Macedonia's credit rating which improved by an average of 50 points in the last three years(!) depending on the rating agency - went all the way back.
The damage in added costs of foreign borrowings is incalculable.
Inflation and devaluation signify a DOMESTIC loss of trust in the economy. The decrease in credit rating indicates a FOREIGN loss of trust in it. This loss of trust both internally and externally is the most worrisome. It has to be fought tooth and nail so that it does not take hold. Coupled with (hopefully a cyclical and reversible) increase in crime, politically motivated terrorism, social unrest (an increasing number of strikes) and a massive diversion of management resources on all levels - it could prove insurmountable if not determinedly surmounted.

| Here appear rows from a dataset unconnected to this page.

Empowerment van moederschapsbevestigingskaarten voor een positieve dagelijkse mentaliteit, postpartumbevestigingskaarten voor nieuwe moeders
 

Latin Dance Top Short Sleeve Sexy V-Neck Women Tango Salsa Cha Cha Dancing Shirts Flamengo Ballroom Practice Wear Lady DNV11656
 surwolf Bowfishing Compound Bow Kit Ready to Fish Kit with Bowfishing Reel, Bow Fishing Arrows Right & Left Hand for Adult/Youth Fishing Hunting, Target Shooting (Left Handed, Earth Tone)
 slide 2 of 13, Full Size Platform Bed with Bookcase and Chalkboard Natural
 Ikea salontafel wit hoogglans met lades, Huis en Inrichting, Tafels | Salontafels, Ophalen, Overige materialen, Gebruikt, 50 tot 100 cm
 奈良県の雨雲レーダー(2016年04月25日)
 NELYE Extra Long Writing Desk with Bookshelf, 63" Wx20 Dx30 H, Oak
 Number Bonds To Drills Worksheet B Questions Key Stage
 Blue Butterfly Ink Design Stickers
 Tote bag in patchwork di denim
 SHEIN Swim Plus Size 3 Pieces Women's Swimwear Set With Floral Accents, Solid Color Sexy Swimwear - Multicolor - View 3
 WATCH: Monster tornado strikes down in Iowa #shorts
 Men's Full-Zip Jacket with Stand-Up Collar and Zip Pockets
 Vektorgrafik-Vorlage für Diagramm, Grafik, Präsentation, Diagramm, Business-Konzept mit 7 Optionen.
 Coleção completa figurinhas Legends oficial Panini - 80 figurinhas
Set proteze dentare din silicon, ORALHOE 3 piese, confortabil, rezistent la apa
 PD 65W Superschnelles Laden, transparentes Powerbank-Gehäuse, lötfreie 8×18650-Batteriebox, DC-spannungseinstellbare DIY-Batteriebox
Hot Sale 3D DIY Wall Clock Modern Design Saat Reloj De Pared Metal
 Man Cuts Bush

It is in such times that a nation is tested. It is in such times that the mettle of international solidarity is exposed. Macedonia must restore itself to its previous course of growth and stability. All of us - locals and foreigners - must collaborate in this effort and not only in Macedonia but in the whole region of the Balkans. This region knew only occupation and abuse by the outside world. Its nations turned inwards and took weapons to one another because violence is what the world taught them. It is time for them to learn and be taught a different language - the language of growth, of investments, of the joy of entrepreneurship, of communications, of belonging to the family of nations rather being excluded from it.